• _Your goal_:
With the pictures left out, restate exactly the part below that opens with the line containing "Miniatura 4 de" and closes with the line containing "New Horse Monogram".

*** Opening of Records for processing ***

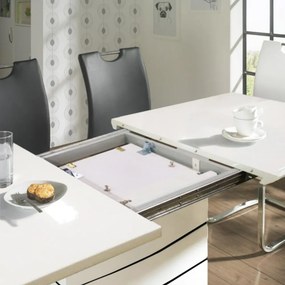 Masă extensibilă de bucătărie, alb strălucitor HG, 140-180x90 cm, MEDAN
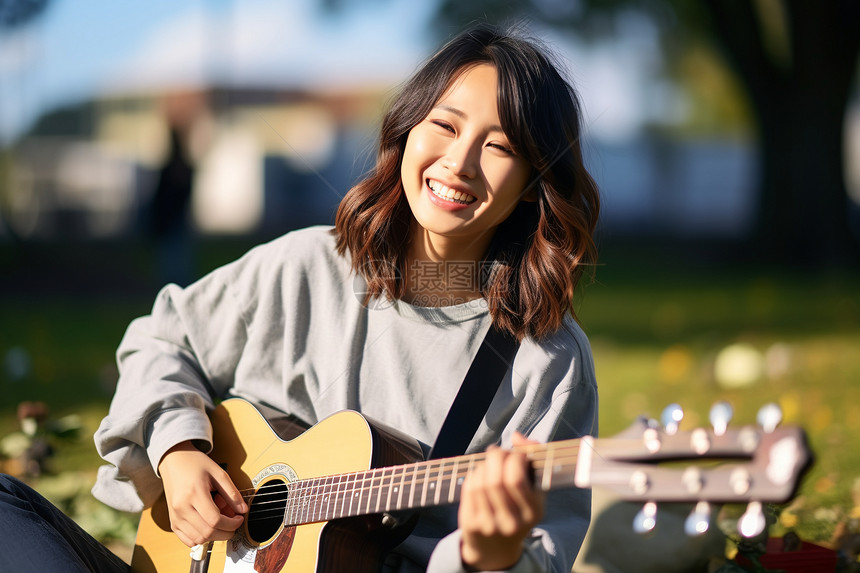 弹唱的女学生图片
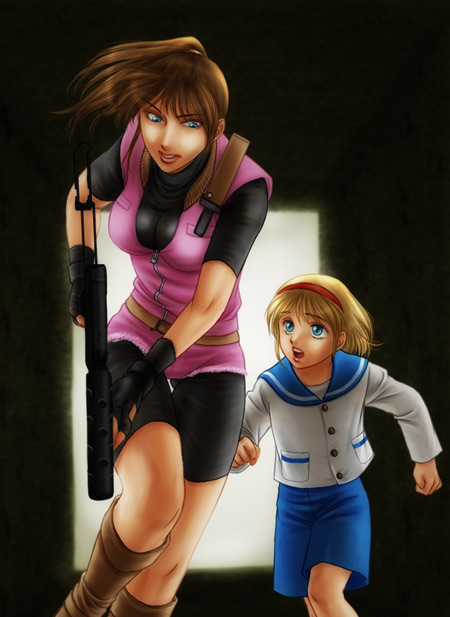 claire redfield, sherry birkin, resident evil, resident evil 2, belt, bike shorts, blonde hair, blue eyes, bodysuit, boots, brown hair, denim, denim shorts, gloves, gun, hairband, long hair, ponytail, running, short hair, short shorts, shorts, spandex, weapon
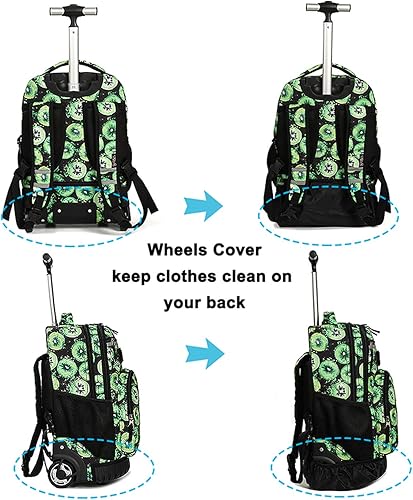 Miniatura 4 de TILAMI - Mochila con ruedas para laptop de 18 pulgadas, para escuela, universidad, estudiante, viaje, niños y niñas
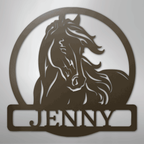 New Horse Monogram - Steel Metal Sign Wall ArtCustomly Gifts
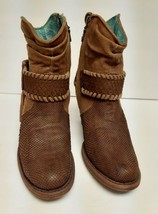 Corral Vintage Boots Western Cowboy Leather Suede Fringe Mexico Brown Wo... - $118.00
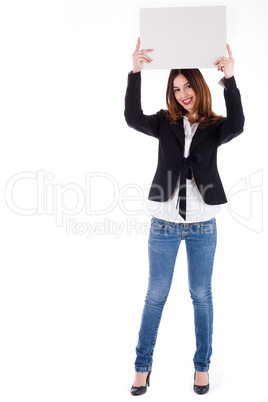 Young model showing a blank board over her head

*** Close of Records for processing ***
*** Opening of Records for processing ***

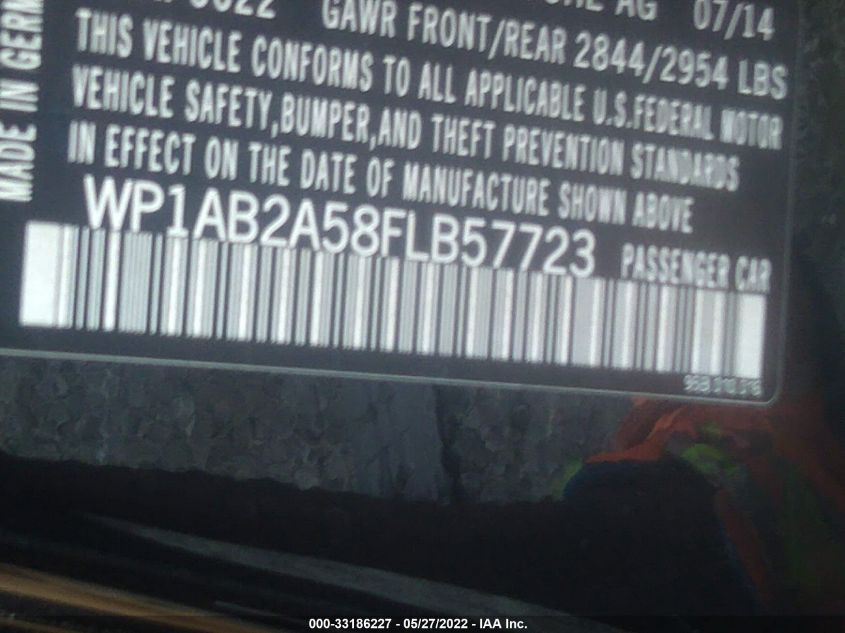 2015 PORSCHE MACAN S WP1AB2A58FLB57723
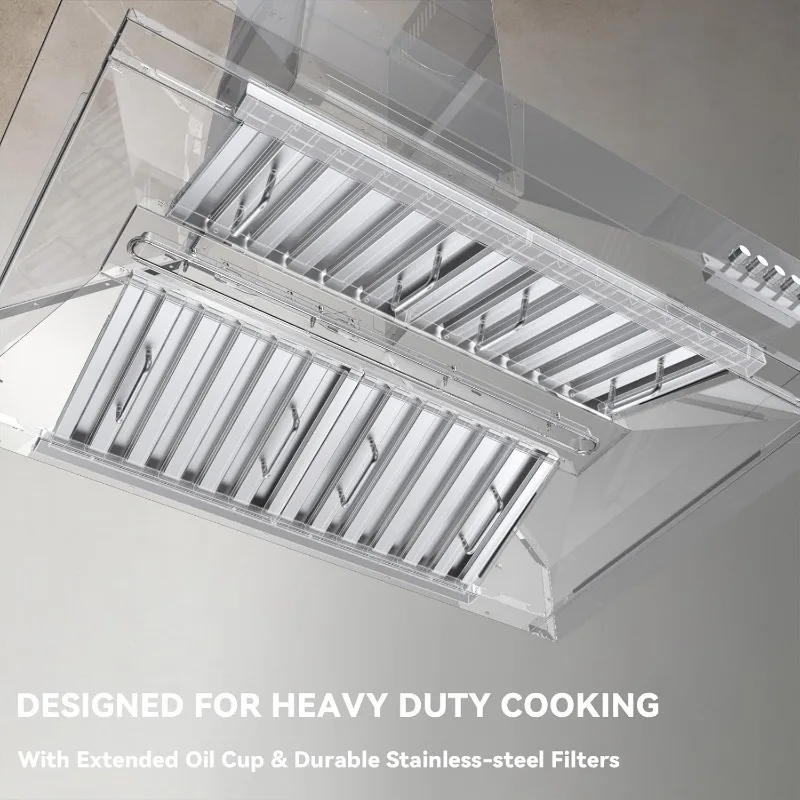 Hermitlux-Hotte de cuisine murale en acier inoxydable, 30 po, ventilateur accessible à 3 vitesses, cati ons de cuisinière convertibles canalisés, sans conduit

*** Close of Records for processing ***

• _Result of this exercise_:
 Miniatura 4 de TILAMI - Mochila con ruedas para laptop de 18 pulgadas, para escuela, universidad, estudiante, viaje, niños y niñas
 New Horse Monogram - Steel Metal Sign Wall ArtCustomly Gifts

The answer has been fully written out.